▶ Data:
------
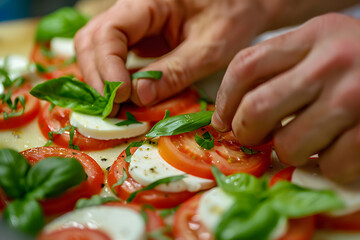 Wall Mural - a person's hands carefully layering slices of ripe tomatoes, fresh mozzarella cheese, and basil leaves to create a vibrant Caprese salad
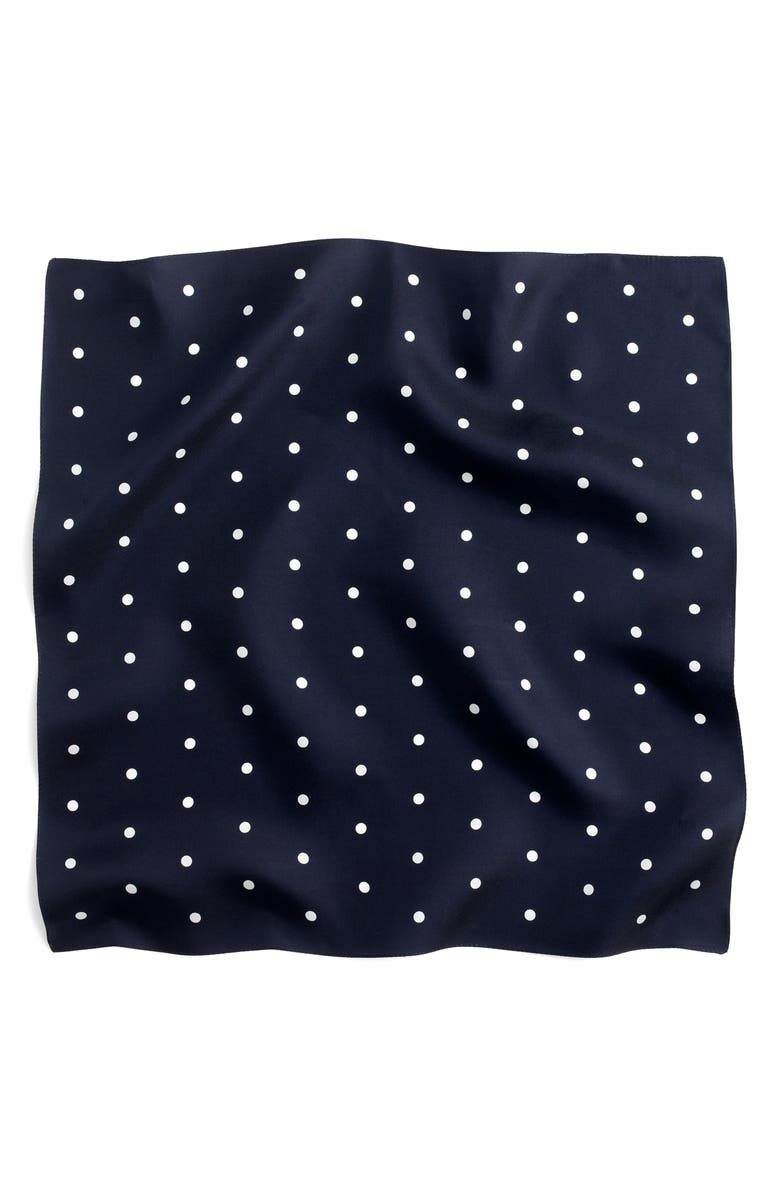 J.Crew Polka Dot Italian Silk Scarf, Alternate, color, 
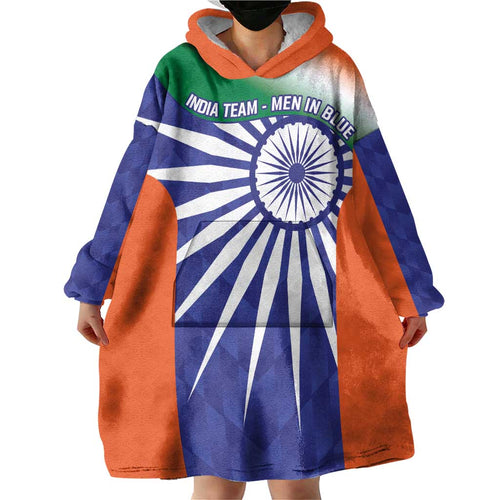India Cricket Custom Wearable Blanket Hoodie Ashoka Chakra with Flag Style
------
▶ What this task involves: The response consists of the data above printed line for line, with no pictures.

▶ Your response:
 Wall Mural - a person's hands carefully layering slices of ripe tomatoes, fresh mozzarella cheese, and basil leaves to create a vibrant Caprese salad
 J.Crew Polka Dot Italian Silk Scarf, Alternate, color, 
India Cricket Custom Wearable Blanket Hoodie Ashoka Chakra with Flag Style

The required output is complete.